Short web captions
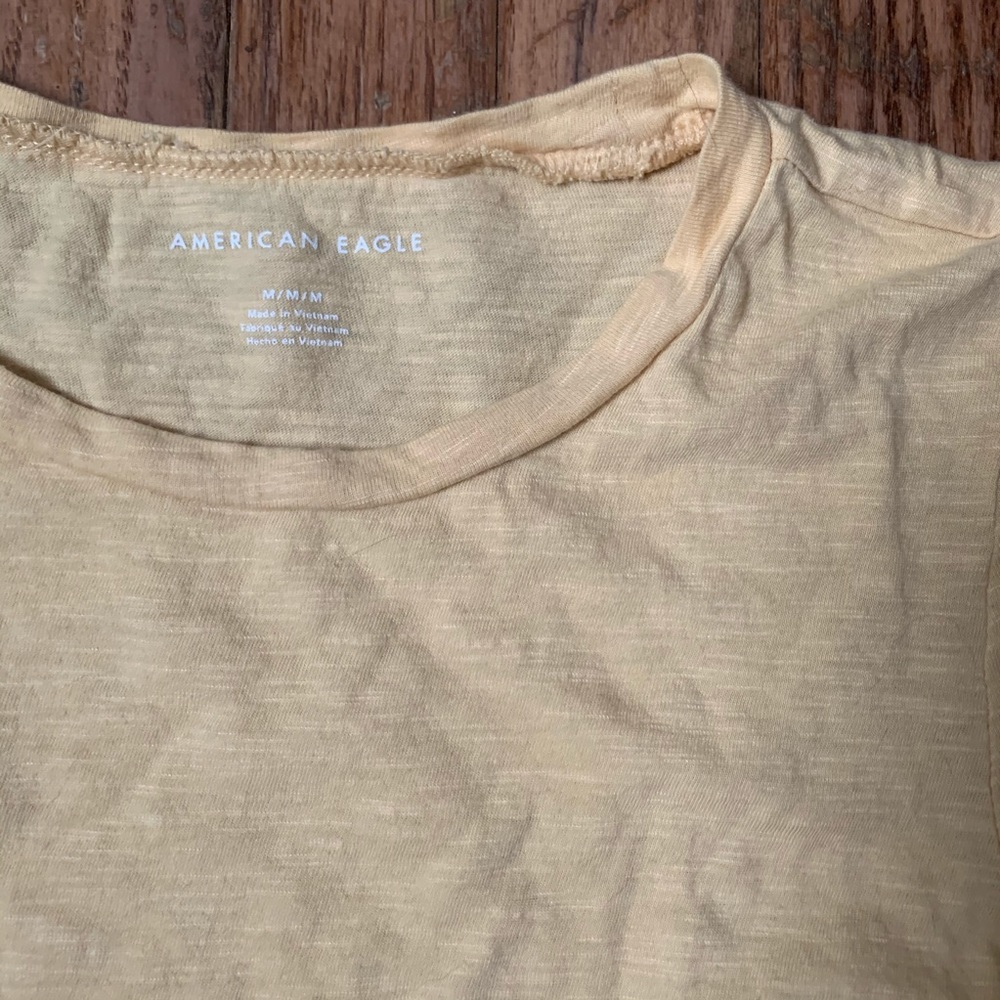 Yellow Ae shirt Medium
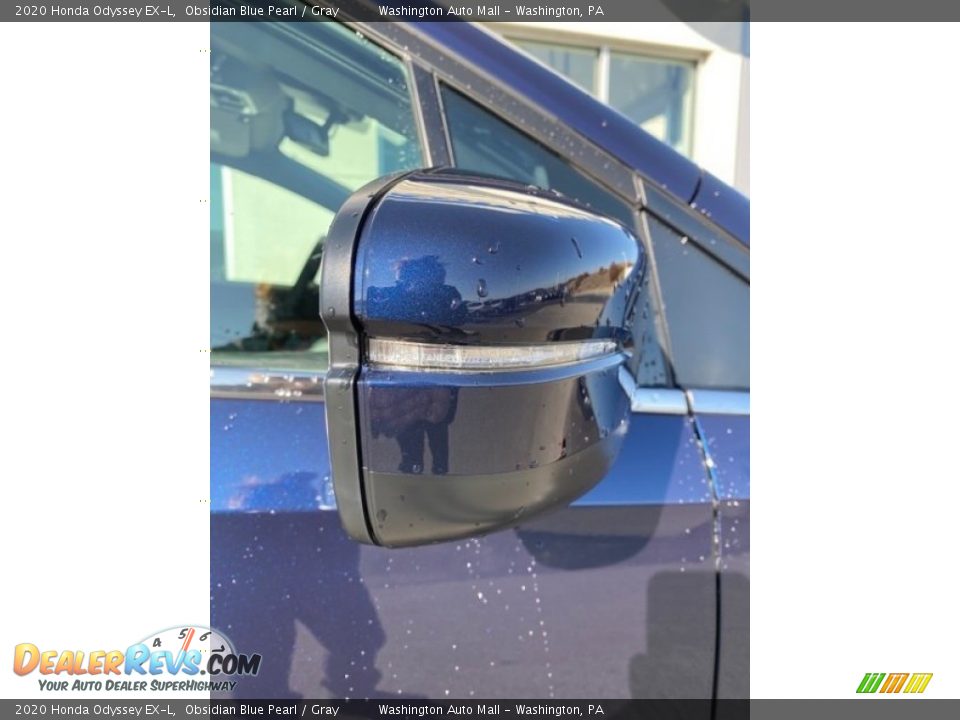 2020 Honda Odyssey EX-L Obsidian Blue Pearl / Gray Photo #29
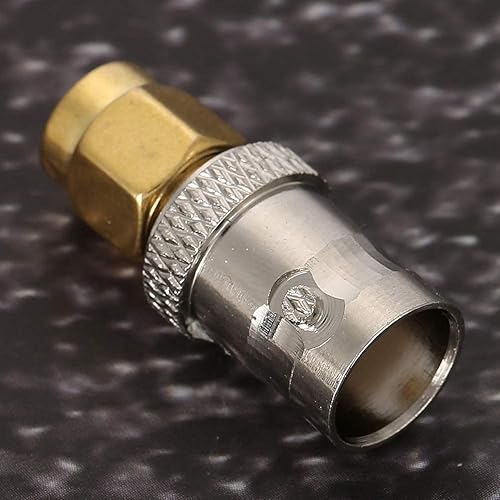 Miniatura 5 de Adaptador coaxial SMA macho a BNC hembra, adaptador coaxial RF, conector coaxial SMA a BNC macho hembra (todo cobre)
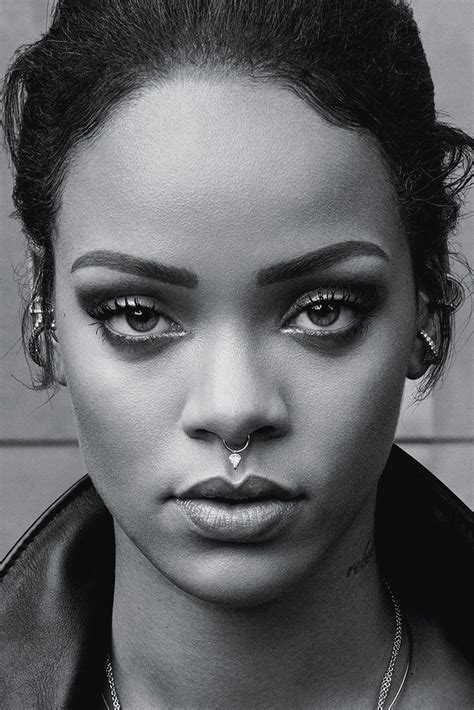Rihanna Face Black And White Poster Uncle Poster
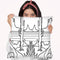 Desert Lineart Throw Pillow By Howie Green - All About Vibe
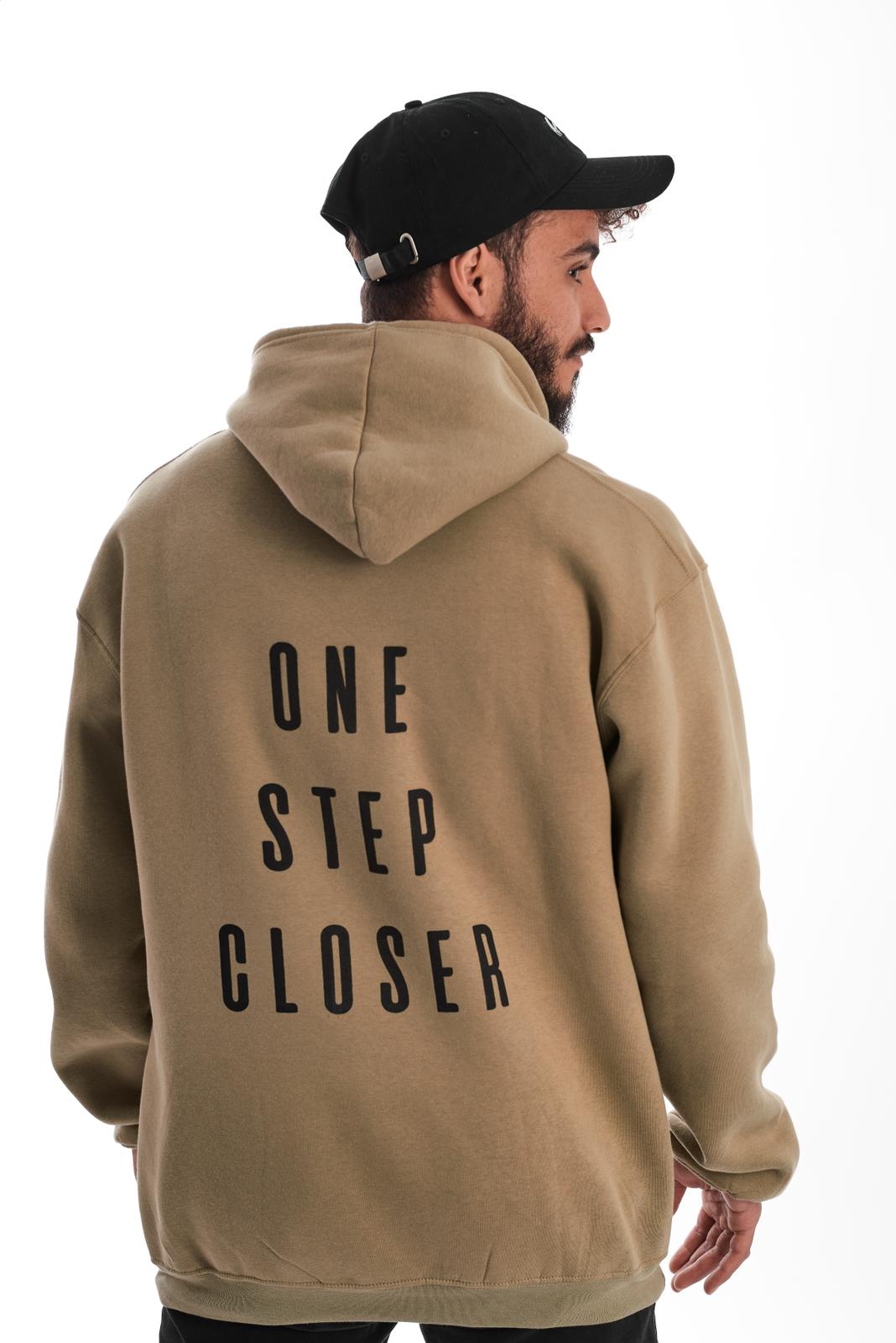 ONE STEP CLOSER Hoodie Olive Green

**Problem to work on**
Retyped exactly, the lines from the one holding "Miniatura 5 de" through the last line of the data above are the whole answer. Pictures stay out.

**Task response**
 Miniatura 5 de Adaptador coaxial SMA macho a BNC hembra, adaptador coaxial RF, conector coaxial SMA a BNC macho hembra (todo cobre)
Rihanna Face Black And White Poster Uncle Poster
 Desert Lineart Throw Pillow By Howie Green - All About Vibe
 ONE STEP CLOSER Hoodie Olive Green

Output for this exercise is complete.